The company emerged as a spin-out from multinational technology corporation Yandex, the operator of the largest search engine in Russia. In December 2014, Yandex extended the capacity in data science it developed to support this core product into providing machine learning-based services for industry applications by launching the Yandex Data Factory.

The Yandex Data Factory team establishes its findings through a process of experimentation, and its success can only be judged once the experiment concludes.

"When you delegate some work to your employee, ideally you expect more or less a complete level of results," Zavalishina explains. "But it works differently with data scientists, because with data science you cannot expect guaranteed results."

Failure will be a legitimate outcome of any data science project and this is a prospect business managers must accept.

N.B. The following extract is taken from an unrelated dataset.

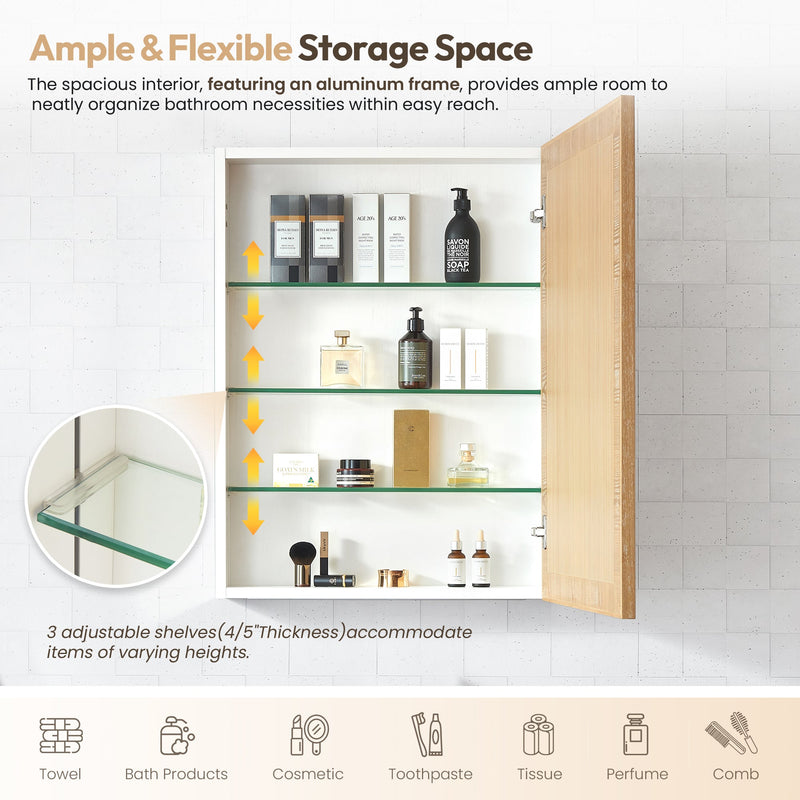 Vinnova 804824-MCB-WA Bangalore 24" W x 31.9" H Rectangular Wood Framed Medicine Cabinet in Washed Ash Grey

What makes a data scientist tick?

Working with data scientists requires an alternative approach to business in which logic overrules creativity and reality trumps belief. In other words, it depends on fact and logic rather than imagining what could be possible.

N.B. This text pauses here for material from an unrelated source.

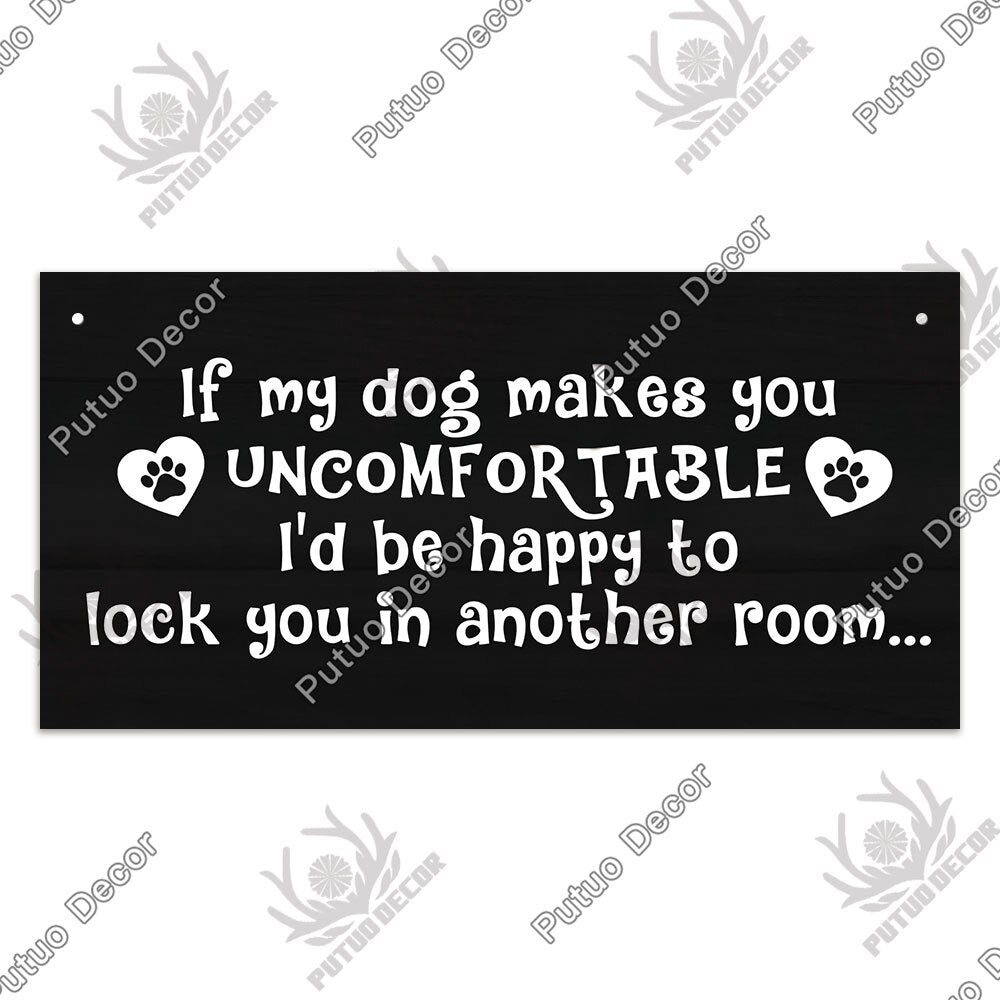 "Charming Wooden Dog Signs: Enhance Your Dog House or Kennel with Decorative Pet Friendship Plaques"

It’ll be a struggle, then, to task data scientists with questions that they fundamentally consider meaningless.

"It sounds like division by zero, it doesn't make sense," says Zavalishina. "The problem is you can't make them do this; you cannot motivate people to divide by zero. They start thinking you're probably an idiot, which doesn't make your work with them better."

Read next: How to get a job as a data scientist

They need to understand the project and believe that it makes sense. If they are approached to use machine learning to improve systems, for example, they will need enough data to measure meaningful results.

"A lot of decisions in business are made by intuition, that's why there is no need to measure everything in regular business," says Yandex Data Factory COO Alexander Khaytin. "But then when it comes to a data science project or to communication with data scientists you can't just tell them, 'do this stuff, I feel it's going to be good.' It doesn't work."

Asking the right questions 

Predictive analytics modelling relies on algorithms that tend to be far more complex than more traditional statistical systems. They can be difficult to explain.

The retail industry often uses data science to better predict stock replenishment requirements for weekly item orders. The results can amaze, but there are so many factors to take in that the process itself is often hard to communicate.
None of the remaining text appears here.